Moins connue, Humoresque op.20 s'approche sans doute encore plus de ces indéfinissables voix intérieures. Cette succession de six morceaux cultive librement le mode de la variation sans thème précis, aux confins de l'improvisation. On est ici au cœur des souverains méandres de la pensée schumannienne. Une coulée qui n'a pourtant rien d'un long fleuve tranquille, même si pas aussi paroxystique que celui des Kreisleriana. On a pu parler à propos de cette œuvre de « création mallarméenne avant la lettre » (Brigitte François-Sappey). C'est sans doute la quatrième pièce, ''Inning'' (intime), qui illustre le mieux ce concept de voix intérieure. Schumann ne s'en cache pas, pour qui l'œuvre « est peu gaie, et peut-être ce que j'ai écrit de plus mélancolique » (lettre à Henriette Voigt, d'août 1839). S'en dégage un discours en apparence monotone, que transfigure l'art de la confidence, du refus de l'éclat, de l'impondérable, et en même temps du construit dans ses revirements. Le pianiste apporte à ces pièces une science aiguë de la nuance pour décrypter les interrogations du musicien dans ce qu'elles comportent de tortueux.

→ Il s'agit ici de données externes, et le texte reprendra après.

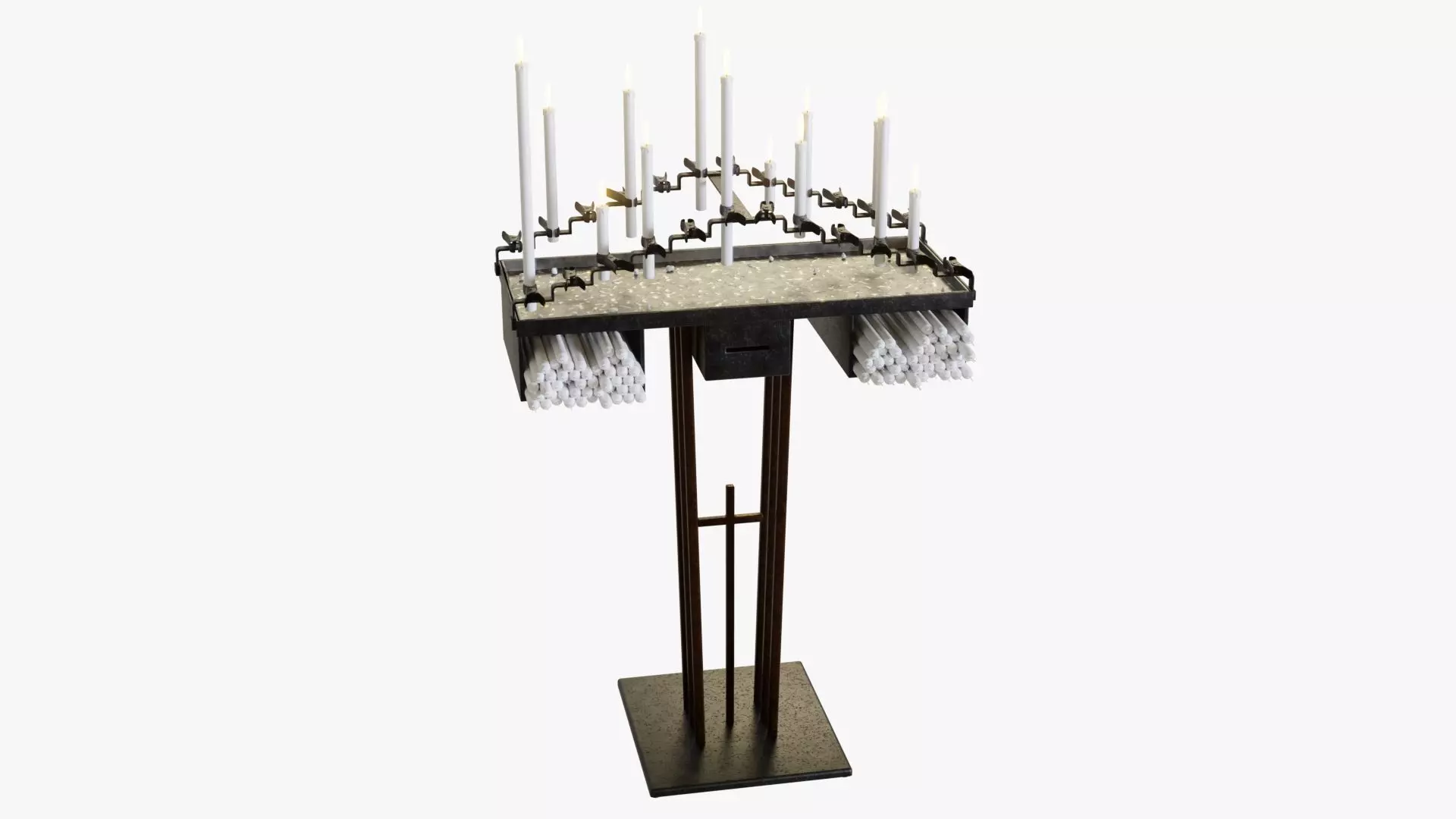 Old candle holder 3D model_0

Jérôme Granjon complète sa réflexion sur l'ethos schumannien par deux pièces plus courtes, en forme de transition : la nostalgique Fugue op.72 N°3 en fa mineur, et la Romance op.28 N°2 ou la sérénité d'un clair-obscur, page de journal intime empli d'un climat hypnotique. Enfin, en guise d'hommage à celle qui fut la muse du musicien, il donne avec la jeune soprano Margaux Poguet, un Lied de Clara Schumann, ''Geheimes Flüstern hier und dort'' (Chuchotements secrets ici et là), expression là aussi de voix secrètes.

L'enregistrement, effectué à la Salle Colonne à Paris, opte pour un intimisme de salon, en cohérence avec le propos poursuivi par l'interprète. Le piano, saisi de près dans son large spectre, occupe l'entière image sonore.